Nel laboratorio della psicoterapeuta Atsuko Chiba viene inventato un trattamento rivoluzionario che, tramite un dispositivo chiamato DC-Mini, è in grado di agire come “detective dei sogni”, ossia di penetrare nei sogni delle persone ed esplorarne l’inconscio. Mentre gli scienziati stanno ultimando il dispositivo, uno dei prototipi viene rubato, mandando in tilt tutto il laboratorio, consapevole che le potenzialità di un uso scorretto del congegno potrebbero essere devastanti. Atsuko si introduce nel mondo dei sogni attraverso il suo esotico alter ego, nome in codice Paprika, nel tentativo di scoprire chi stia dietro al tentativo di sabotare la nuova invenzione.

28 Ottobre, ore 18.30, Conferenza “Trent’anni di animazione giapponese nei film della MadHouse”
Partecipano:
Masao Maruyama (uno dei fondatori dello studio)
Masayuki Kojima (regista del film La foresta del pianoforte; Master Keaton, Monster e numerose serie tv)
Luca Della Casa (selezionatore e organizzatore di retrospettive cinematografiche per il Future Film Festival)

A seguire (ore 19.45 ca.) proiezione del film La foresta del pianoforte di Masayuki Kojim.

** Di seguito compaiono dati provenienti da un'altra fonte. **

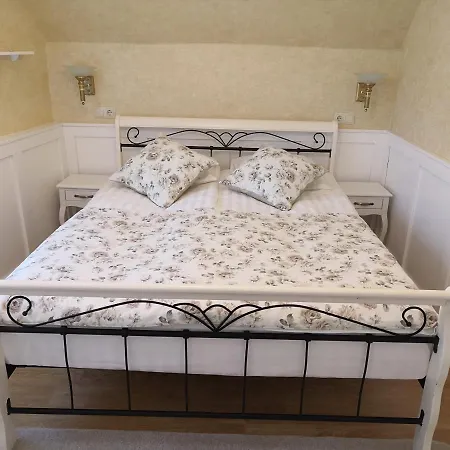 Apartamento Roosi *
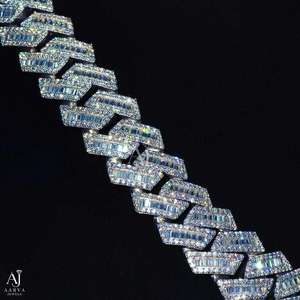 สร้อยคอเงินแท้ 925 ประดับมอสซาไนต์ทรงสี่เหลี่ยมแบบ Cuban Link  สำหรับงานแต่งงานและงานปาร์ตี้ เหมาะสำหรับทั้งชายและหญิง - Product Image 3
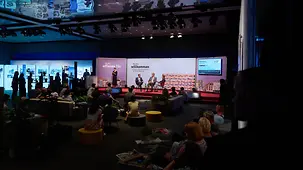 Besucherinnen und Besucher in der Presselounge beim Tag der offenen Tür im Bundespresseamt.
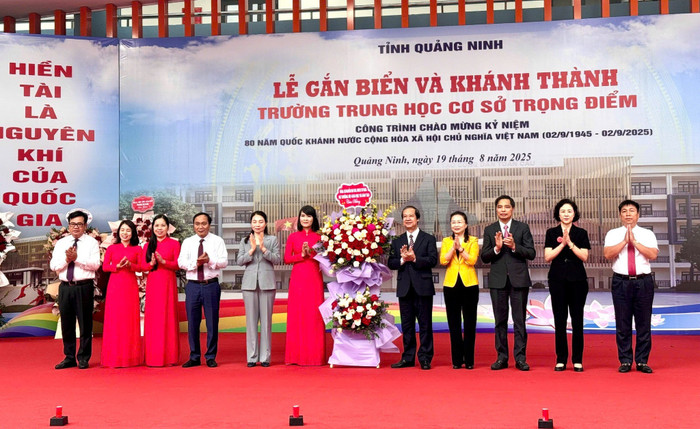 Bộ trưởng Bộ Giáo dục và Đào tạo Nguyễn Kim Sơn tặng hoa chúc mừng nhà trường. 536583164-1185447333628597-3918681345671681874-n.jpg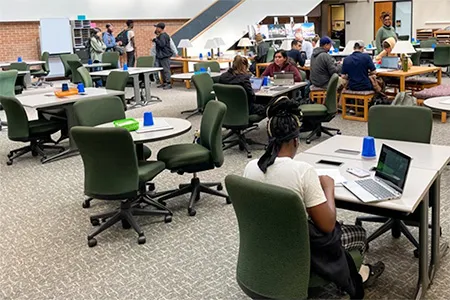 https://pxl-dallascollegeedu.terminalfour.net/fit-in/filters:format(webp)/prod01/dc1-cdn-pxl/media/dallas-college/content-assets/images/news/2024/Library-shot-Thumb-450X300.jpg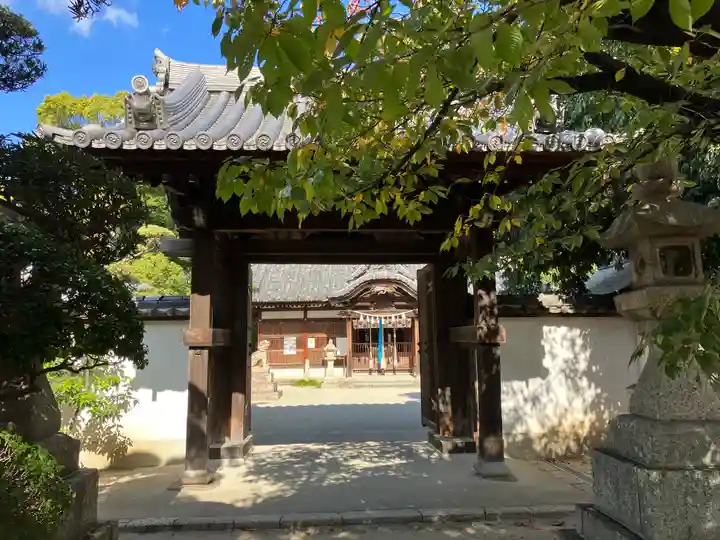 日部神社の山門・神門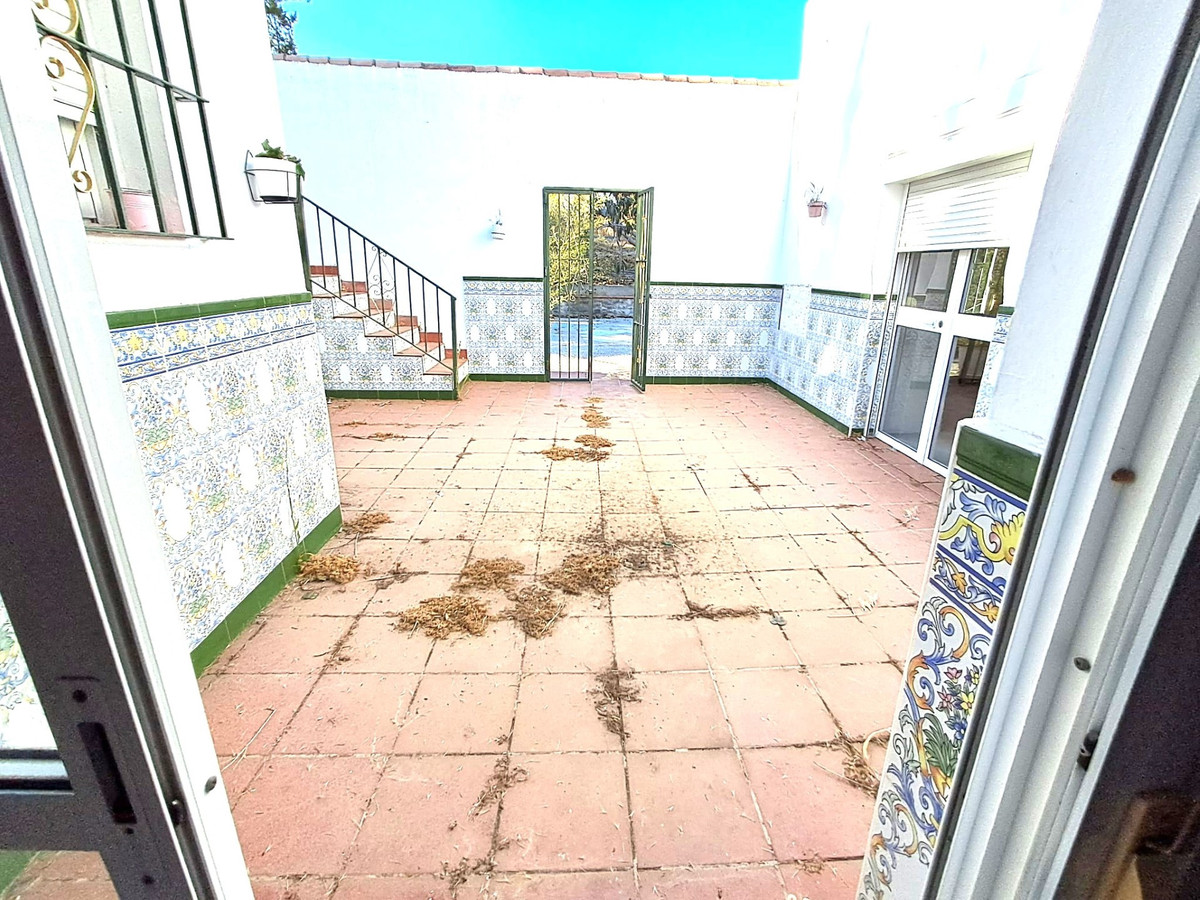 Huis te koop in Estepona | 5 slaapkamers H5229115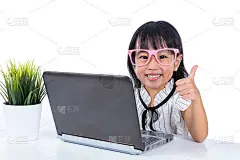 微笑的亚洲中国小女孩用笔记本电脑，竖起大拇指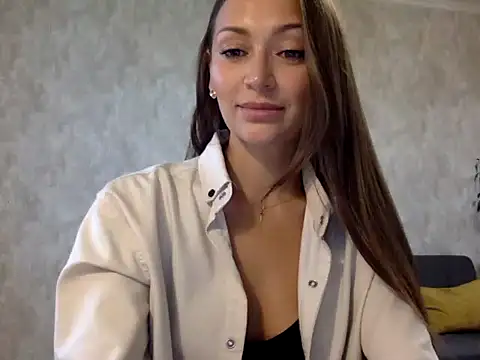 Snapshot of Sainaa1 chatting on October 19, 12:18 pm Sainaa1 online show from October 19, 12:18 pm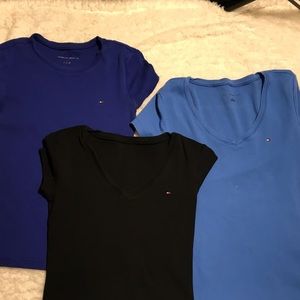 3 Hilfiger tee shirts
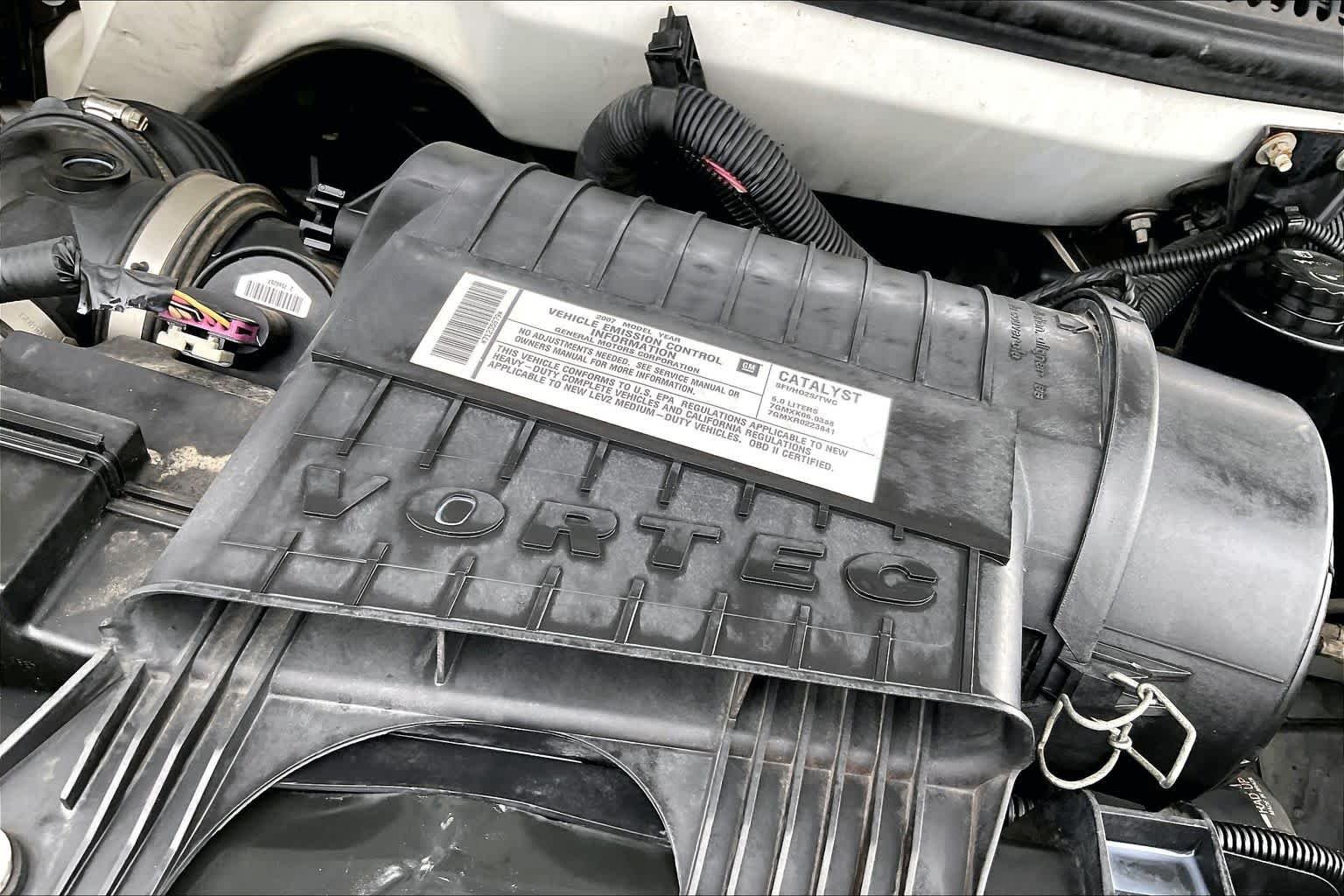 Used 2007 Summit White Chevrolet  image 28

Titolo originale: Piano no mori, 2007, DVD, Colore, 90 minuti, sottotitoli in italiano a cura di Neon Video s.n.c.; prodotto da MadHouse © The Piano Forest Film Partners. Si ringrazia: ASATSU-DK INC.
Dal manga originale di Makoto Isshiki; sceneggiatura di Ryuta Horai.
Shuei, un bambino che sogna di diventare pianista, si trasferisce in una città di campagna. Lì i nuovi compagni di scuola gli rivelano che nella vicina foresta c’è un pianoforte abbandonato che si sente suonare di notte e lo invitano a provarlo. Ma, al tentativo di Shuei, il pianoforte non emette alcun suono, mentre il compagno Kai riesce a suonarlo pur non avendo alcuna nozione di educazione musicale. L’unica persona a conoscerne il motivo è Ajino, l’insegnante di musica della scuola. A interpretare i brani al pianoforte nel film è il pianista Vladimir Ashkenazy."